Any image in the records is to be dropped, and everything else duplicated precisely.

** THE DATA follows **

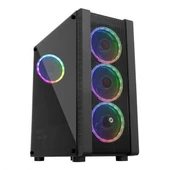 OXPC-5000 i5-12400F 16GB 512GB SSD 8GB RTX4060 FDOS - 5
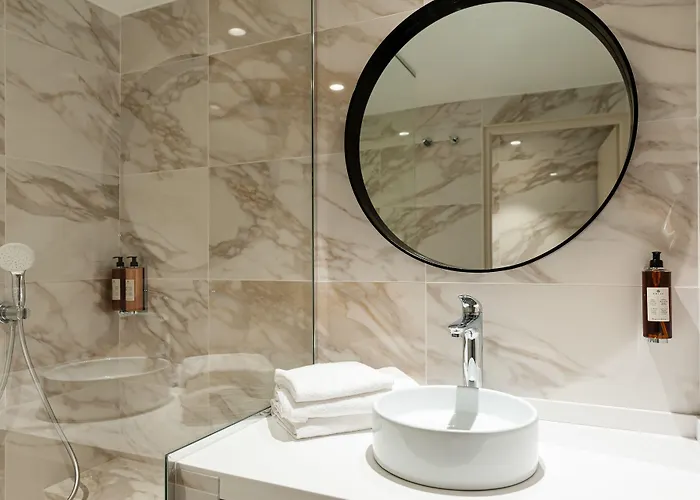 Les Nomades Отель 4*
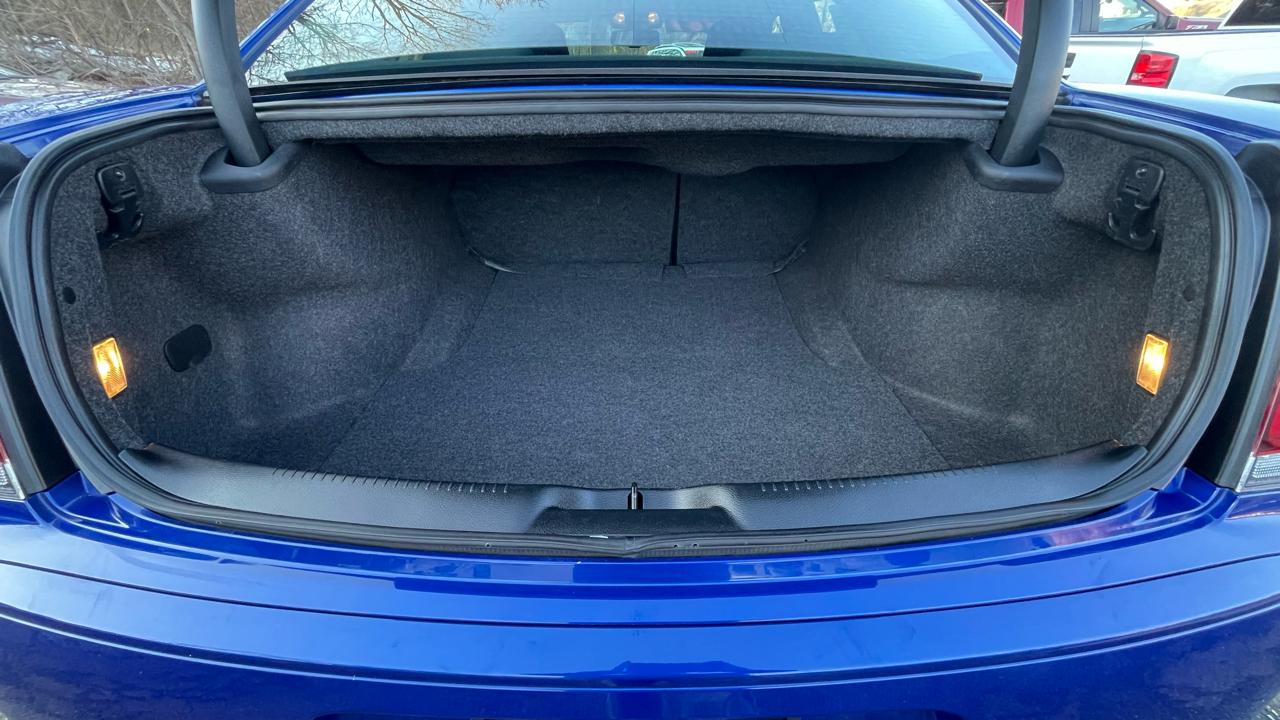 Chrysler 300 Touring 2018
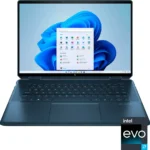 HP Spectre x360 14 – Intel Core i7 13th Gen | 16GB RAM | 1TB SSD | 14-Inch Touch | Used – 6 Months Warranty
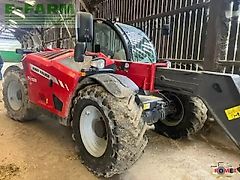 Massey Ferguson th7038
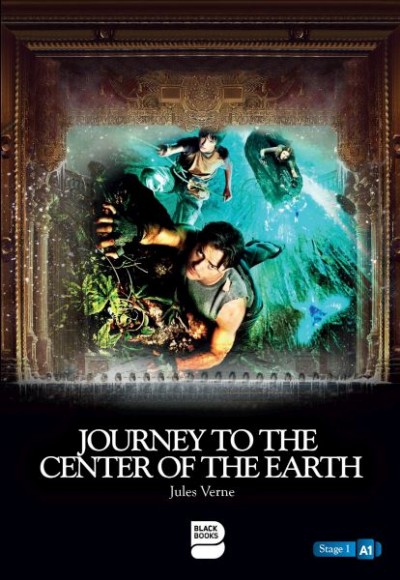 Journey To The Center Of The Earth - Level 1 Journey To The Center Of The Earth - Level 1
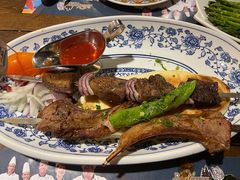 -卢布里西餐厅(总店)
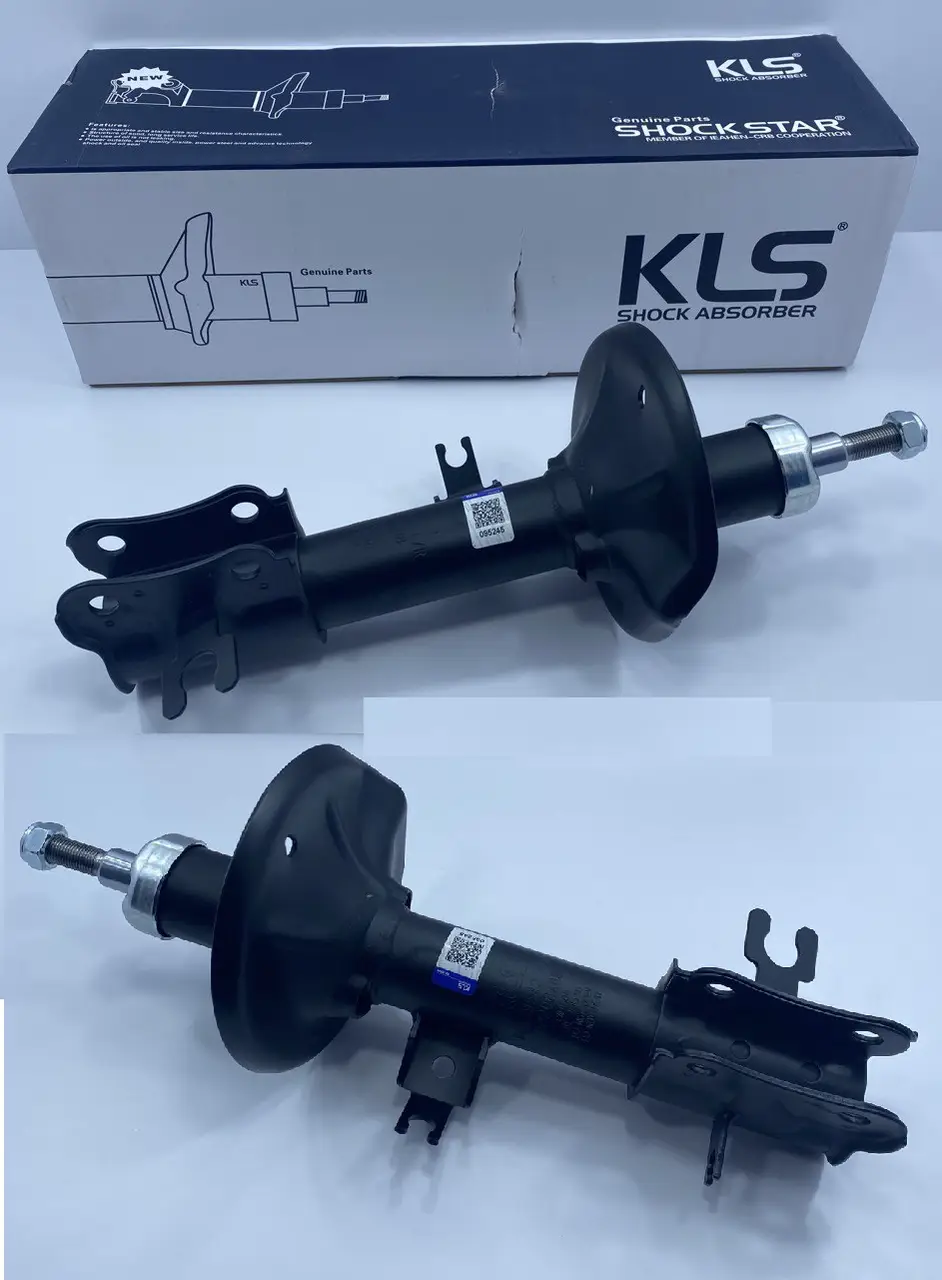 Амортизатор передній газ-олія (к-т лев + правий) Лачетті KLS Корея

** End of THE DATA **

= PROBLEM SOLUTION =
 OXPC-5000 i5-12400F 16GB 512GB SSD 8GB RTX4060 FDOS - 5
 Les Nomades Отель 4*
 Chrysler 300 Touring 2018
 HP Spectre x360 14 – Intel Core i7 13th Gen | 16GB RAM | 1TB SSD | 14-Inch Touch | Used – 6 Months Warranty
 Massey Ferguson th7038
 Journey To The Center Of The Earth - Level 1 Journey To The Center Of The Earth - Level 1
 -卢布里西餐厅(总店)
 Амортизатор передній газ-олія (к-т лев + правий) Лачетті KLS Корея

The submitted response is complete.